The best of the O'Brien quintet in the St Leger proved pacemaker Hindu Kush, who held on to fourth, with his stablemate Frozen Fire, the 9-4 favourite, sixth. But there was almost instant compensation when the five-year-old Septimus turned the Irish St Leger at the Curragh into a procession, winning by13 lengths.
It made O'Brien the first since Jack Rogers in 1935 to train all five of his local Classics in a year, but the first to succeed with five different horses. Septimus, now the Melbourne Cup favourite, followed Henrythenavigator, Halfway To Heaven, Frozen Fire and Moonstone into the record books. O'Brien said: "To do something like this is massive for the whole team. There are so many people involved and for me it's a privilege to be part of it."

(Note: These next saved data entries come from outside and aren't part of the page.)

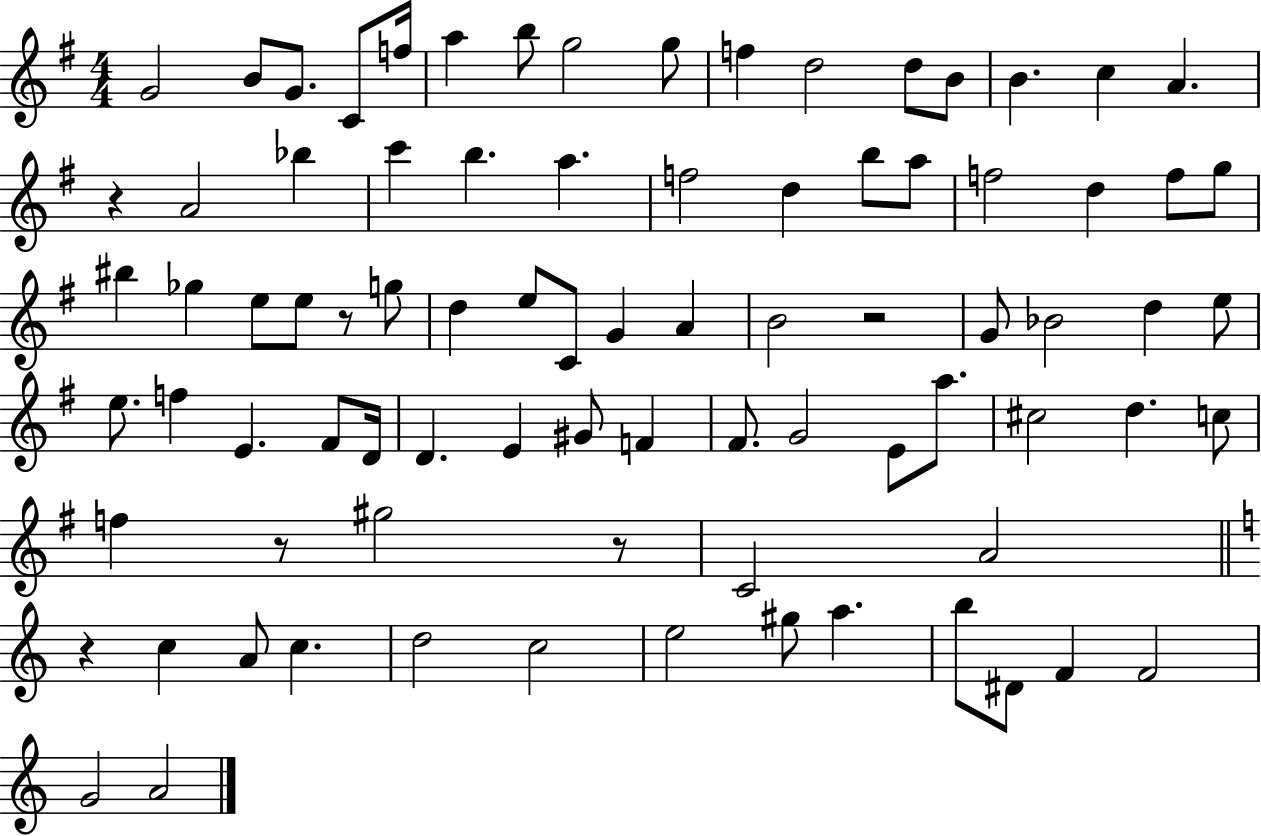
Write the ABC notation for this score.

X:1
T:Untitled
M:4/4
L:1/4
K:G
G2 B/2 G/2 C/2 f/4 a b/2 g2 g/2 f d2 d/2 B/2 B c A z A2 _b c' b a f2 d b/2 a/2 f2 d f/2 g/2 ^b _g e/2 e/2 z/2 g/2 d e/2 C/2 G A B2 z2 G/2 _B2 d e/2 e/2 f E ^F/2 D/4 D E ^G/2 F ^F/2 G2 E/2 a/2 ^c2 d c/2 f z/2 ^g2 z/2 C2 A2 z c A/2 c d2 c2 e2 ^g/2 a b/2 ^D/2 F F2 G2 A2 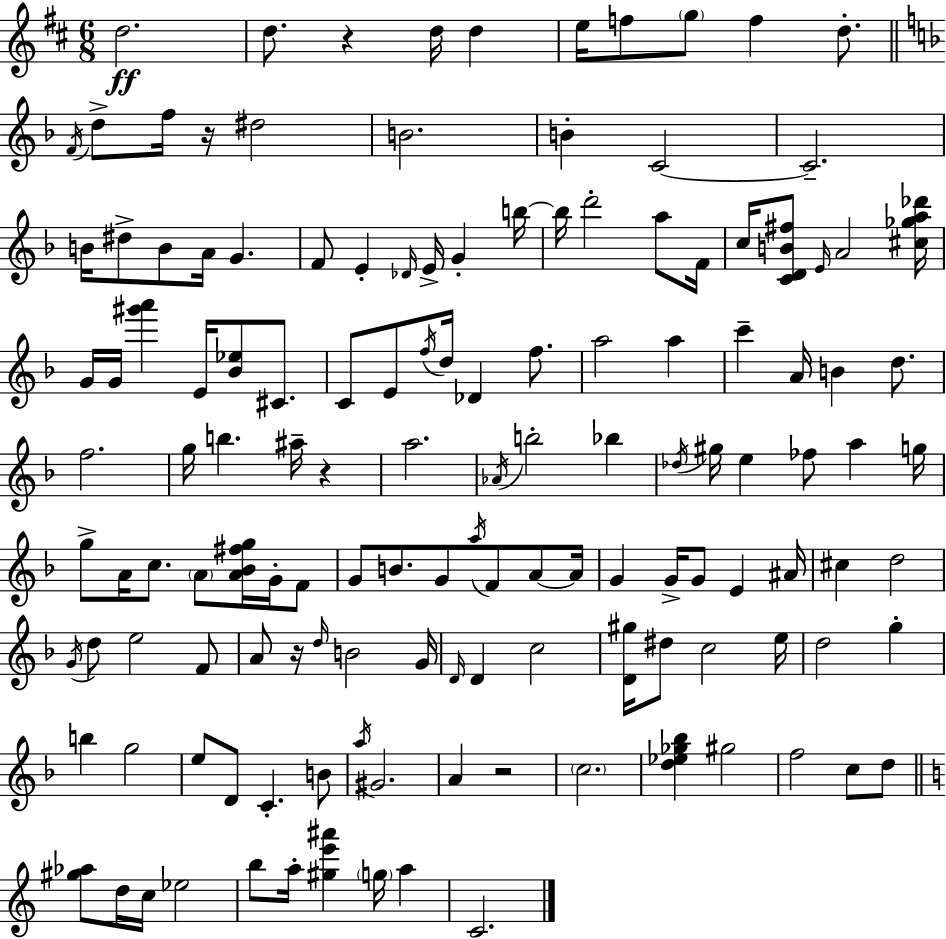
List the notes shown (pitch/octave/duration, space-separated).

D5/h. D5/e. R/q D5/s D5/q E5/s F5/e G5/e F5/q D5/e. F4/s D5/e F5/s R/s D#5/h B4/h. B4/q C4/h C4/h. B4/s D#5/e B4/e A4/s G4/q. F4/e E4/q Db4/s E4/s G4/q B5/s B5/s D6/h A5/e F4/s C5/s [C4,D4,B4,F#5]/e E4/s A4/h [C#5,Gb5,A5,Db6]/s G4/s G4/s [G#6,A6]/q E4/s [Bb4,Eb5]/e C#4/e. C4/e E4/e F5/s D5/s Db4/q F5/e. A5/h A5/q C6/q A4/s B4/q D5/e. F5/h. G5/s B5/q. A#5/s R/q A5/h. Ab4/s B5/h Bb5/q Db5/s G#5/s E5/q FES5/e A5/q G5/s G5/e A4/s C5/e. A4/e [A4,Bb4,F#5,G5]/s G4/s F4/e G4/e B4/e. G4/e A5/s F4/e A4/e A4/s G4/q G4/s G4/e E4/q A#4/s C#5/q D5/h G4/s D5/e E5/h F4/e A4/e R/s D5/s B4/h G4/s D4/s D4/q C5/h [D4,G#5]/s D#5/e C5/h E5/s D5/h G5/q B5/q G5/h E5/e D4/e C4/q. B4/e A5/s G#4/h. A4/q R/h C5/h. [D5,Eb5,Gb5,Bb5]/q G#5/h F5/h C5/e D5/e [G#5,Ab5]/e D5/s C5/s Eb5/h B5/e A5/s [G#5,E6,A#6]/q G5/s A5/q C4/h. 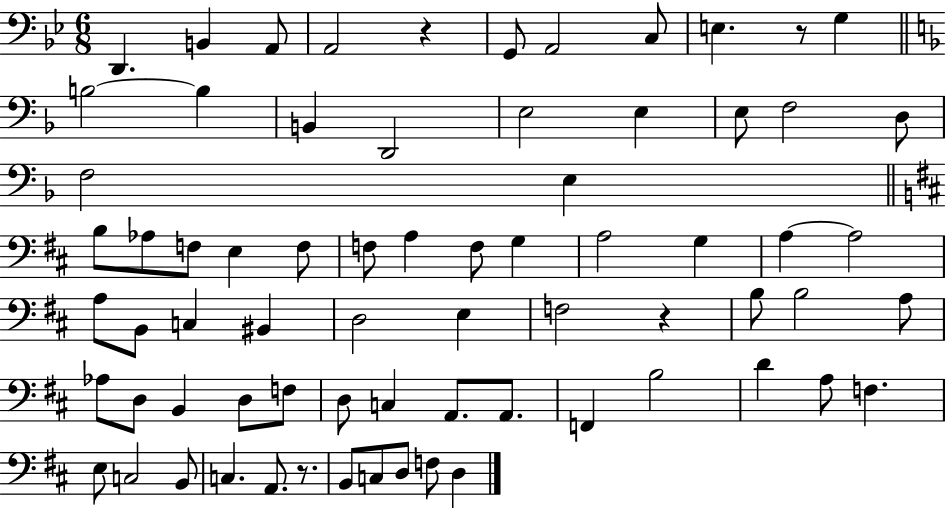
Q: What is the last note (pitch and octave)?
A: D3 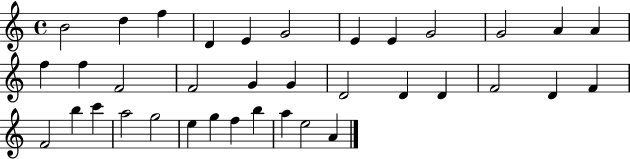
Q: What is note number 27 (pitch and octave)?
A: C6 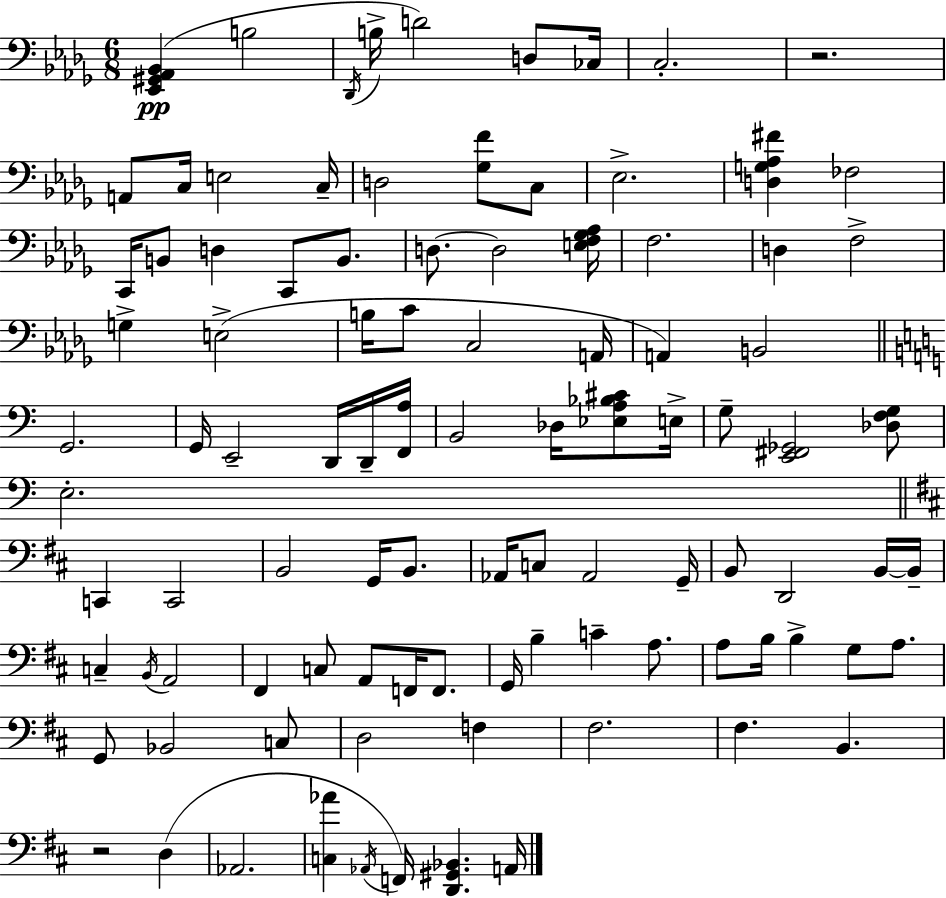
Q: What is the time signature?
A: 6/8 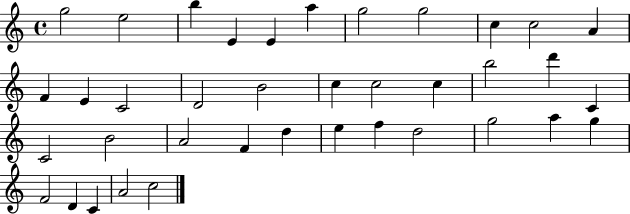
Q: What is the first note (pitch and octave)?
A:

O'Brien's harvesting of Group One contests this year has been remarkable. Although empty-handed in the two here on Town Moor – the rearranged Sprint Cup went to the French challenger African Rose – his tally is 19, thanks to Septimus, and today at the Curragh he fields five of the eight juveniles in the National Stakes, headed by Mastercraftsman, and a trio of fillies in the Prix Vermeille at Longchamp, where the seasonaltapestry continues to unfold, again without any reference to the contests singled out for the ill-founded Sovereign Series.
In the Vermeille, the first of today's three trials for the Prix de l'Arc de Triomphe, Zarkava defends her position as favourite for Europe's richest race. In the Prix Niel, French Derby winner Vision d'Etat tries 12 furlongs for the first time, and in the Prix Foy, last year's German star Schia-parelli will try to brighten Godolphin's below-par campaign with his first run in the blue colours.